Give the listing again, word for word, and let no picture into it.

INFORMATION PROVIDED START

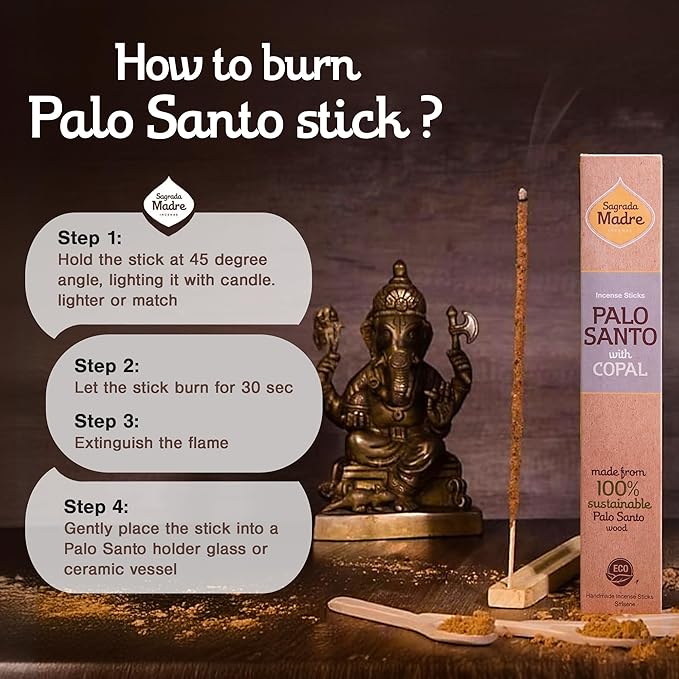 8pcs Wildly Harvested Thick Palo Santo Incense Sticks (Copal), 9” Long - Eco Friendly, Non-Toxic, Aromatic Incense Sticks (1hr Burning Time) to Heal & Calm Your Body and Environment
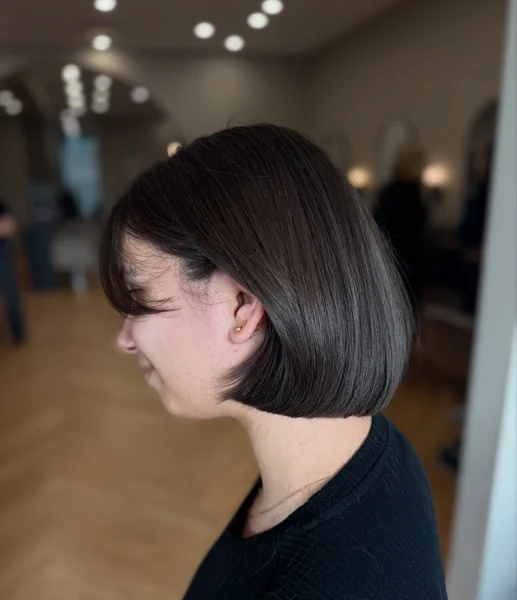 Glossy Bob with Side Bangs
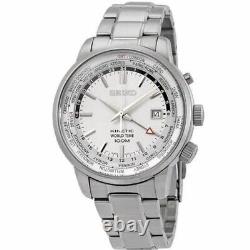 SEIKO KINETIC SUN067P1 GMT World Time 100m Watch 5M85 Stainless Steel White Date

INFORMATION PROVIDED END

OUTPUT:
 8pcs Wildly Harvested Thick Palo Santo Incense Sticks (Copal), 9” Long - Eco Friendly, Non-Toxic, Aromatic Incense Sticks (1hr Burning Time) to Heal & Calm Your Body and Environment
 Glossy Bob with Side Bangs
 SEIKO KINETIC SUN067P1 GMT World Time 100m Watch 5M85 Stainless Steel White Date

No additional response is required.